WHAT THE TASK ASKS. Your task is to return the line containing "10 kroner 1910 Haakon VII. Kv.0/01" and each line after it through the end of the entries, exactly, with no other lines.

(SUPPLIED ENTRIES begins)

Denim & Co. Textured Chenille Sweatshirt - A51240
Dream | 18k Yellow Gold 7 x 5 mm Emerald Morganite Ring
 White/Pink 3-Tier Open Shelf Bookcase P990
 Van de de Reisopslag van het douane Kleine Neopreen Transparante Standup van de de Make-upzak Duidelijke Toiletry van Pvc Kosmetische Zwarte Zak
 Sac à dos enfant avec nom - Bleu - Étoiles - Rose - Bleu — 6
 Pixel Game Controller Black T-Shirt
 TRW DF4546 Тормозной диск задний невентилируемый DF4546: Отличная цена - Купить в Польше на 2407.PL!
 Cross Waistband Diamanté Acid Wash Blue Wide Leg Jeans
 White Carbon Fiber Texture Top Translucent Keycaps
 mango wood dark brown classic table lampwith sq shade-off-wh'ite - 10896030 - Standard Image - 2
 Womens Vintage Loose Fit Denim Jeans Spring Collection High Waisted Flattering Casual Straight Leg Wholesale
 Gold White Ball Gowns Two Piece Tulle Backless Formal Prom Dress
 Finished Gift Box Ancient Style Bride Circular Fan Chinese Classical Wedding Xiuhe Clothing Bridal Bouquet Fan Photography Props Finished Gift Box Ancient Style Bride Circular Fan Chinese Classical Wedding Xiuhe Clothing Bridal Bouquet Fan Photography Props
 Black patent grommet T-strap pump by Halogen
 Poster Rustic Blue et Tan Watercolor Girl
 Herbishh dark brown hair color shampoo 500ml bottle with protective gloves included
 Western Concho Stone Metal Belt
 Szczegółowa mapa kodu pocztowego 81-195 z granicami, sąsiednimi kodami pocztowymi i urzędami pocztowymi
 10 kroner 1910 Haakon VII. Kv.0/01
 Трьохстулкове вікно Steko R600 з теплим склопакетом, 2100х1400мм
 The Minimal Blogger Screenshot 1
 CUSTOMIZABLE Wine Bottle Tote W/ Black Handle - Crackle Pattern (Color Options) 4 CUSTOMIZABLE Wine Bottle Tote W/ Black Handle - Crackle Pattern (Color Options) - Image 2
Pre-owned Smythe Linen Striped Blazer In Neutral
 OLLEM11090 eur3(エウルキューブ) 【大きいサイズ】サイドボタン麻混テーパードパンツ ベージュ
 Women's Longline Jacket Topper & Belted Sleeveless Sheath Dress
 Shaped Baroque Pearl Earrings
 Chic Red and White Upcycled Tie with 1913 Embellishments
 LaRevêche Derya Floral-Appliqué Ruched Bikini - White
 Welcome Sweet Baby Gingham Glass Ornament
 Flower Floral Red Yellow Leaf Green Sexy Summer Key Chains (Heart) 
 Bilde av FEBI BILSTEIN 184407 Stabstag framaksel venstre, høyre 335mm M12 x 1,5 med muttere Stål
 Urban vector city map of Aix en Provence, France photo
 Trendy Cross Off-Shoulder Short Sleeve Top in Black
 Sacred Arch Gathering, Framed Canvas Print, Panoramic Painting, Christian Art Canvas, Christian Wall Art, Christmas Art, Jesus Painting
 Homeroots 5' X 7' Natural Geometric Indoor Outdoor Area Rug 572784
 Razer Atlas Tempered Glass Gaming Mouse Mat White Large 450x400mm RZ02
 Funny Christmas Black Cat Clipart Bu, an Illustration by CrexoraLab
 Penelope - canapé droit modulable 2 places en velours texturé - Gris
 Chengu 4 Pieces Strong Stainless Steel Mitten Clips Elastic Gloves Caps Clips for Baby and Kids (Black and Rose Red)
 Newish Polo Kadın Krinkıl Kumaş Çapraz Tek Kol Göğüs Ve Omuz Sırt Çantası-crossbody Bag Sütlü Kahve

(SUPPLIED ENTRIES ends)

TASK RESPONSE.
 10 kroner 1910 Haakon VII. Kv.0/01
 Трьохстулкове вікно Steko R600 з теплим склопакетом, 2100х1400мм
 The Minimal Blogger Screenshot 1
 CUSTOMIZABLE Wine Bottle Tote W/ Black Handle - Crackle Pattern (Color Options) 4 CUSTOMIZABLE Wine Bottle Tote W/ Black Handle - Crackle Pattern (Color Options) - Image 2
Pre-owned Smythe Linen Striped Blazer In Neutral
 OLLEM11090 eur3(エウルキューブ) 【大きいサイズ】サイドボタン麻混テーパードパンツ ベージュ
 Women's Longline Jacket Topper & Belted Sleeveless Sheath Dress
 Shaped Baroque Pearl Earrings
 Chic Red and White Upcycled Tie with 1913 Embellishments
 LaRevêche Derya Floral-Appliqué Ruched Bikini - White
 Welcome Sweet Baby Gingham Glass Ornament
 Flower Floral Red Yellow Leaf Green Sexy Summer Key Chains (Heart) 
 Bilde av FEBI BILSTEIN 184407 Stabstag framaksel venstre, høyre 335mm M12 x 1,5 med muttere Stål
 Urban vector city map of Aix en Provence, France photo
 Trendy Cross Off-Shoulder Short Sleeve Top in Black
 Sacred Arch Gathering, Framed Canvas Print, Panoramic Painting, Christian Art Canvas, Christian Wall Art, Christmas Art, Jesus Painting
 Homeroots 5' X 7' Natural Geometric Indoor Outdoor Area Rug 572784
 Razer Atlas Tempered Glass Gaming Mouse Mat White Large 450x400mm RZ02
 Funny Christmas Black Cat Clipart Bu, an Illustration by CrexoraLab
 Penelope - canapé droit modulable 2 places en velours texturé - Gris
 Chengu 4 Pieces Strong Stainless Steel Mitten Clips Elastic Gloves Caps Clips for Baby and Kids (Black and Rose Red)
 Newish Polo Kadın Krinkıl Kumaş Çapraz Tek Kol Göğüs Ve Omuz Sırt Çantası-crossbody Bag Sütlü Kahve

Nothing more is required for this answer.